The social management of Covid was a wake-up call. For the first time in any of our lifetimes, Americans experienced what it was like to live in an authoritarian state where community rights, at the expense of individual rights, became inalienable. There was no challenging the mandates, as due process was abandoned and those who chose not to be vaccinated with a novel gene therapy lost jobs, friends, and family. Many of us were surprised at how readily so many people complied with arbitrary and, as we now know, unfounded directives. This apparent docility of the population was not lost on the Woke hierarchy, who became more emboldened in using their prominence in both government and education to accelerate their campaign to force their faith upon the American population.

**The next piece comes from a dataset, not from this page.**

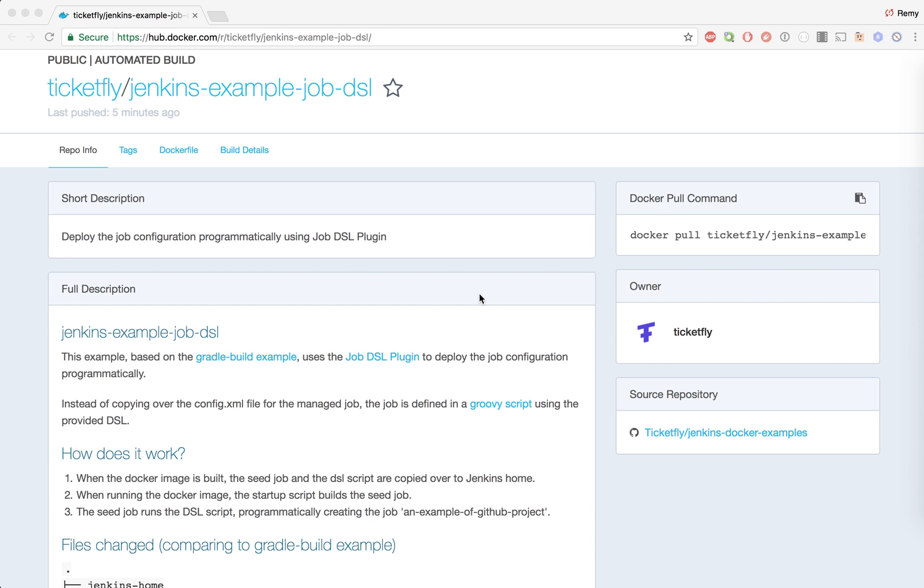Hi, this is Remy and today we're going to look at the job DSL example provided by Tipofide. Last time we looked at the Jenkins example using a config.xml file to deploy some Jenkins job configuration. While this is good for a start, what we wanted is to have our configuration defined as code, and this is why we are using Jenkins DSL.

However, a wake-up call is exactly that, and the American people have woken up. The November elections were a clear acknowledgment from the collective wisdom of the American citizenry that they prefer to live in societies that are designed as peer-to-peer networks where individuals are guaranteed the freedoms of speech and religion. They have told us loudly and clearly that, while they have been silenced in many public forums, they are no longer docile. They have made their voices heard in the one public forum where their opinions cannot be ignored—the polling booth. And, in so doing, they have thwarted the Woke creed’s attempt to ensconce its faith across the Western world and accomplish the full integration of religion and state. This is good news as we continue to build new and far reaching technologies.
The foundational principle that has preserved the world’s longest lasting democratic republic is: Nobody is smarter than everybody. Someday the elites may come to appreciate both the wisdom behind this principle and the fact that they are nowhere near as smart as they think they are. Thankfully, we won’t have to depend upon their getting there because the Founders left us with a government that guarantees the freedoms of speech and religion and assures that, ultimately, the wisdom of the crowd prevails over the tyranny of the elite.